- Problem requirements
With the pictures excluded, reproduce all of the data exactly.

Data for this task: Begin

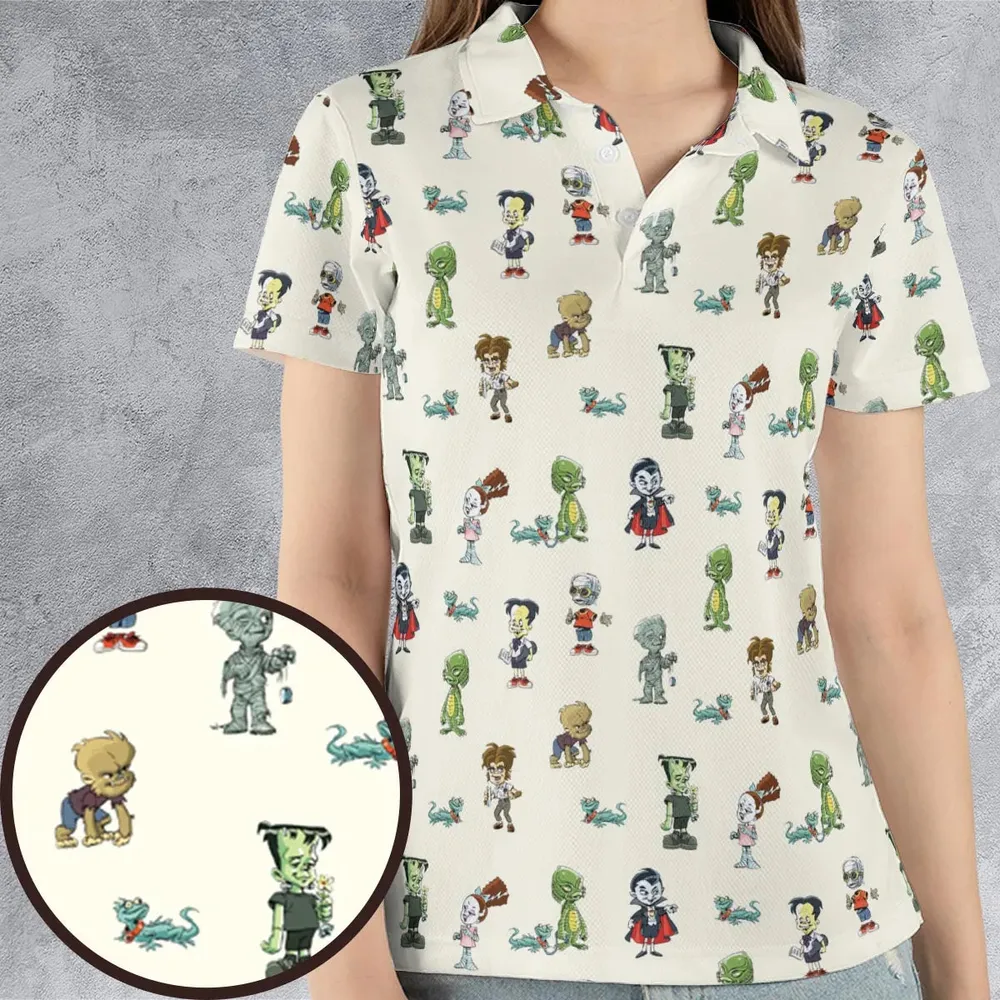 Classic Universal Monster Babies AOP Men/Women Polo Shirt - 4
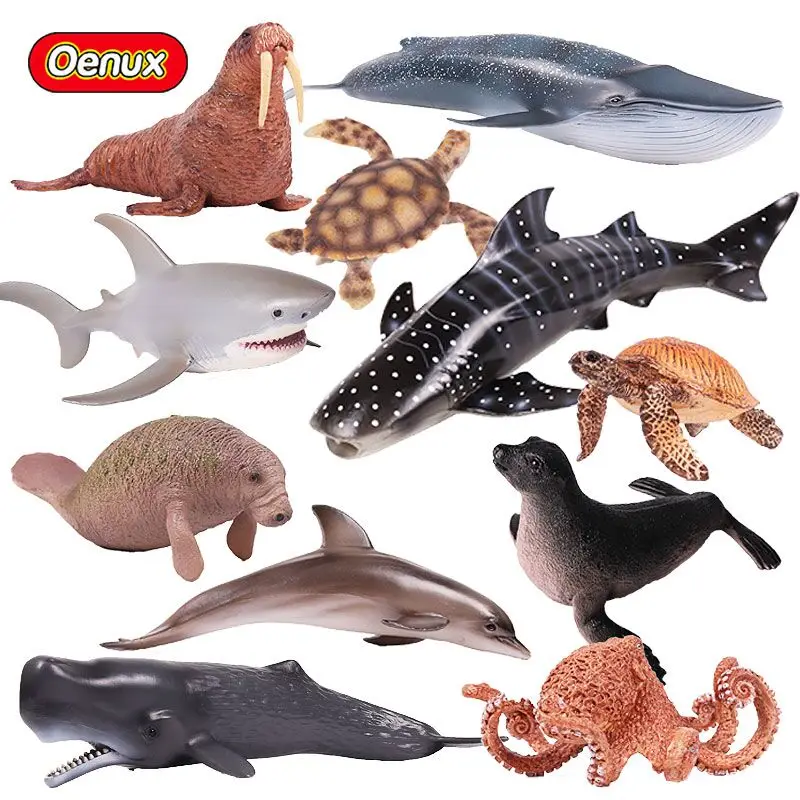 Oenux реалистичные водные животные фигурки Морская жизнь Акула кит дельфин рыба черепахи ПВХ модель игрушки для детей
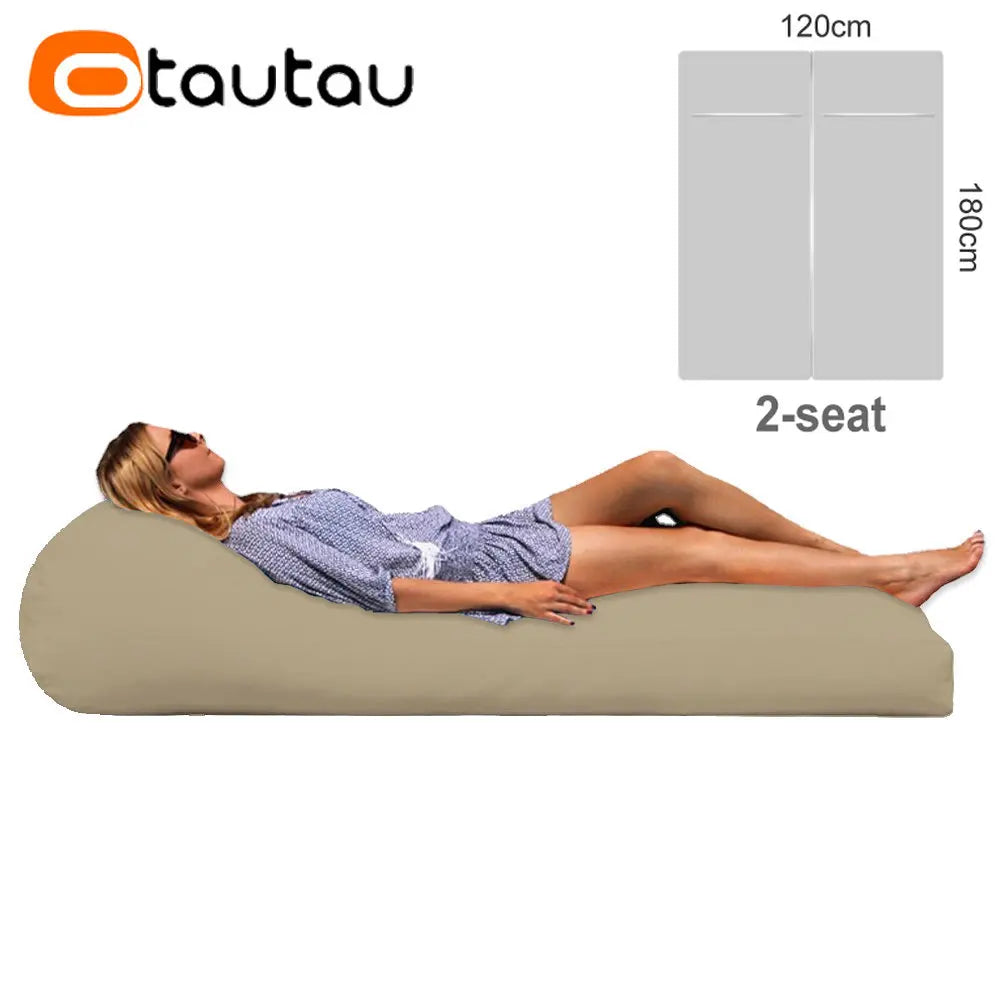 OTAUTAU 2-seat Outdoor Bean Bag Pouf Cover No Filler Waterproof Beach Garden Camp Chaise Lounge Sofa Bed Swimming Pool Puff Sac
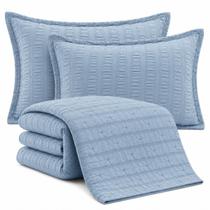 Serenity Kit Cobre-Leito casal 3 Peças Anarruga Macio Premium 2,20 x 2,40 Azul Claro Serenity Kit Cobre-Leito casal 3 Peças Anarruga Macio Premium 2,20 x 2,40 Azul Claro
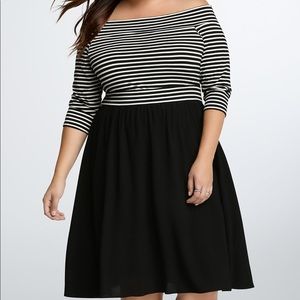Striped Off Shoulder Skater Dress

Data for this task: End

- Final answer
 Classic Universal Monster Babies AOP Men/Women Polo Shirt - 4
 Oenux реалистичные водные животные фигурки Морская жизнь Акула кит дельфин рыба черепахи ПВХ модель игрушки для детей
 OTAUTAU 2-seat Outdoor Bean Bag Pouf Cover No Filler Waterproof Beach Garden Camp Chaise Lounge Sofa Bed Swimming Pool Puff Sac
 Serenity Kit Cobre-Leito casal 3 Peças Anarruga Macio Premium 2,20 x 2,40 Azul Claro Serenity Kit Cobre-Leito casal 3 Peças Anarruga Macio Premium 2,20 x 2,40 Azul Claro
Striped Off Shoulder Skater Dress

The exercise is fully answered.